ここからはソフトの話、バーチャルボーイ用のソフトは所謂ROMカートリッジ。ただしスーパーファミコンやニンテンドウ64のような大きめのものではなく、やや小さめかつコンパクトな形状。サイズ的には気持ちゲームボーイよりも大きいかなという程度である。
『マリオテニス』よりも一足先にリリースされたマリオシリーズ初のテニス『マリオズテニス』、『パンチアウト』の系譜である一人称視点アクション『テレロボクサー』、宇宙を舞台にした奥行きが見どころのピンボール『ギャラクティックピンボール』、アーケード向け爆弾落ちものパズルの移植『とびだせ!ぱにボン』、そしてワイヤーフレームで描画される3Dシューティング『レッドアラーム』の5本がロンチタイトルとしてリリースされた。
スポーツ・アクション・ピンボール・パズル・シューティングと、これだけ見るとバランスの良いロンチのラインナップではあったのだが、如何せんその先が続かなかったようで、その後も定期的にソフトのリリース自体はされたものの、最終的に僅か全19本(日本国内)しかリリースされなかった。海外でのみ発売されたタイトルを含めても三桁どころか50本にすら届かない。
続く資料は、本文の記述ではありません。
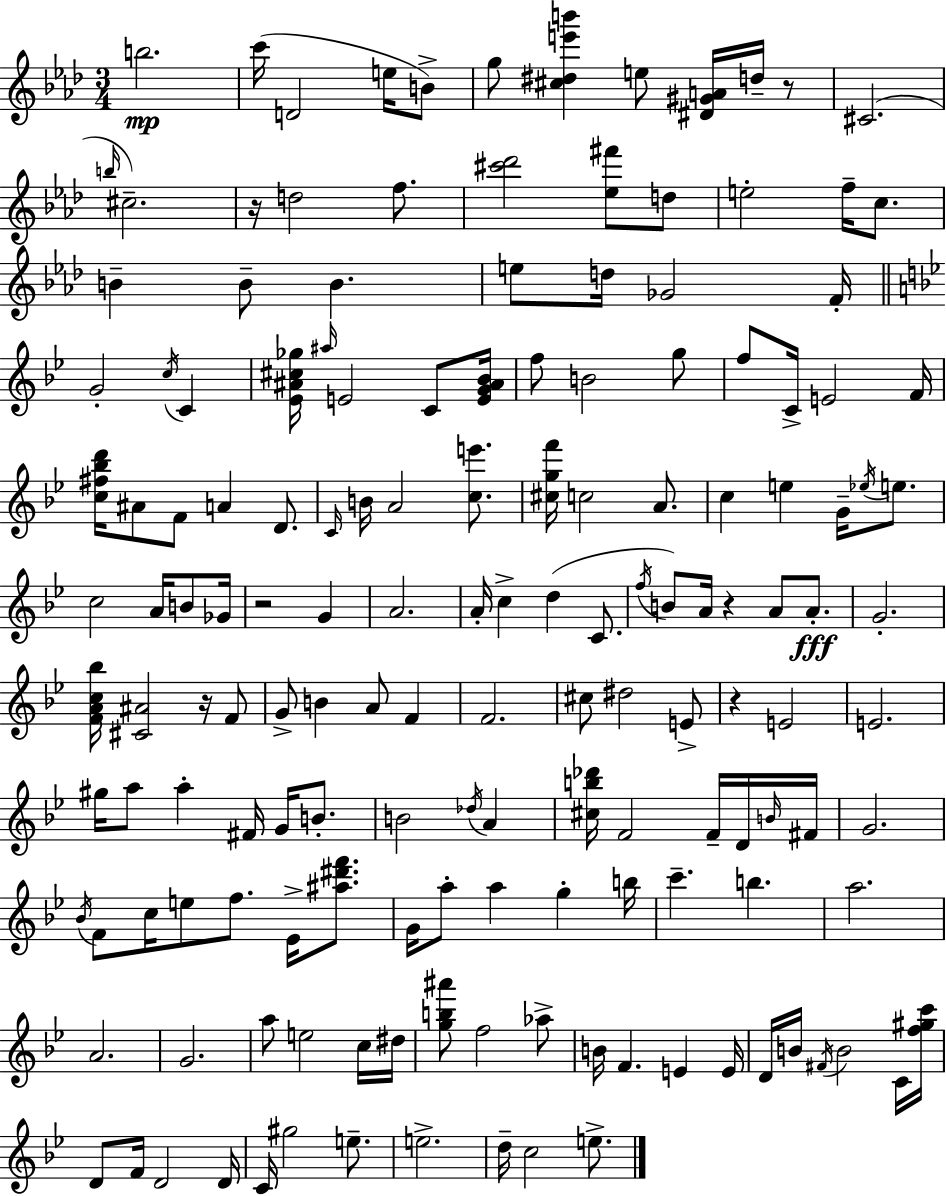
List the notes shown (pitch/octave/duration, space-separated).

B5/h. C6/s D4/h E5/s B4/e G5/e [C#5,D#5,E6,B6]/q E5/e [D#4,G#4,A4]/s D5/s R/e C#4/h. B5/s C#5/h. R/s D5/h F5/e. [C#6,Db6]/h [Eb5,F#6]/e D5/e E5/h F5/s C5/e. B4/q B4/e B4/q. E5/e D5/s Gb4/h F4/s G4/h C5/s C4/q [Eb4,A#4,C#5,Gb5]/s A#5/s E4/h C4/e [E4,G4,A#4,Bb4]/s F5/e B4/h G5/e F5/e C4/s E4/h F4/s [C5,F#5,Bb5,D6]/s A#4/e F4/e A4/q D4/e. C4/s B4/s A4/h [C5,E6]/e. [C#5,G5,F6]/s C5/h A4/e. C5/q E5/q G4/s Eb5/s E5/e. C5/h A4/s B4/e Gb4/s R/h G4/q A4/h. A4/s C5/q D5/q C4/e. F5/s B4/e A4/s R/q A4/e A4/e. G4/h. [F4,A4,C5,Bb5]/s [C#4,A#4]/h R/s F4/e G4/e B4/q A4/e F4/q F4/h. C#5/e D#5/h E4/e R/q E4/h E4/h. G#5/s A5/e A5/q F#4/s G4/s B4/e. B4/h Db5/s A4/q [C#5,B5,Db6]/s F4/h F4/s D4/s B4/s F#4/s G4/h. Bb4/s F4/e C5/s E5/e F5/e. Eb4/s [A#5,D#6,F6]/e. G4/s A5/e A5/q G5/q B5/s C6/q. B5/q. A5/h. A4/h. G4/h. A5/e E5/h C5/s D#5/s [G5,B5,A#6]/e F5/h Ab5/e B4/s F4/q. E4/q E4/s D4/s B4/s F#4/s B4/h C4/s [F5,G#5,C6]/s D4/e F4/s D4/h D4/s C4/s G#5/h E5/e. E5/h. D5/s C5/h E5/e. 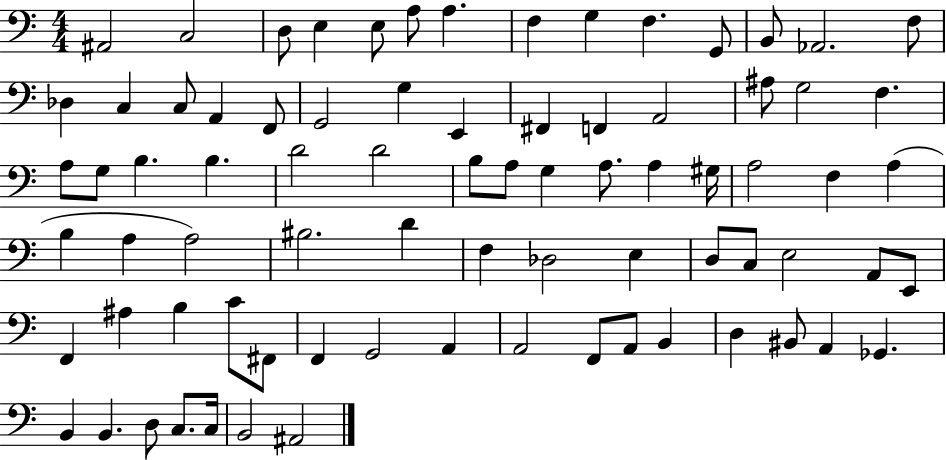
{
  \clef bass
  \numericTimeSignature
  \time 4/4
  \key c \major
  ais,2 c2 | d8 e4 e8 a8 a4. | f4 g4 f4. g,8 | b,8 aes,2. f8 | \break des4 c4 c8 a,4 f,8 | g,2 g4 e,4 | fis,4 f,4 a,2 | ais8 g2 f4. | \break a8 g8 b4. b4. | d'2 d'2 | b8 a8 g4 a8. a4 gis16 | a2 f4 a4( | \break b4 a4 a2) | bis2. d'4 | f4 des2 e4 | d8 c8 e2 a,8 e,8 | \break f,4 ais4 b4 c'8 fis,8 | f,4 g,2 a,4 | a,2 f,8 a,8 b,4 | d4 bis,8 a,4 ges,4. | \break b,4 b,4. d8 c8. c16 | b,2 ais,2 | \bar "|."
}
全ソフトがリリースされるまでの期間が半年に満たないと言えば、その少なさがわかるだろう。なんとなくわかると思うが、ソフトがたったこれだけしかリリースされなかった任天堂ハードはバーチャルボーイのみである。
曲がりなりにも1995年にリリースされた第五世代のゲーム機であるため、本体スペックはそこそこ高い…がやはり同世代の据置ハード(ニンテンドウ64・プレイステーション・セガサターンetc…)と比較すると見劣りする感は否めない。
まぁ『電池式で本体に画面が付いている』と考えるとバーチャルボーイは携帯ハードのカテゴリなのでそりゃ据置機と比較すると見劣りするのも当然なのである。上述したプレイスタイルの都合上とにかく携帯に不向きなので『携帯できない携帯機』と化しているのはそれはそれでアレだが…。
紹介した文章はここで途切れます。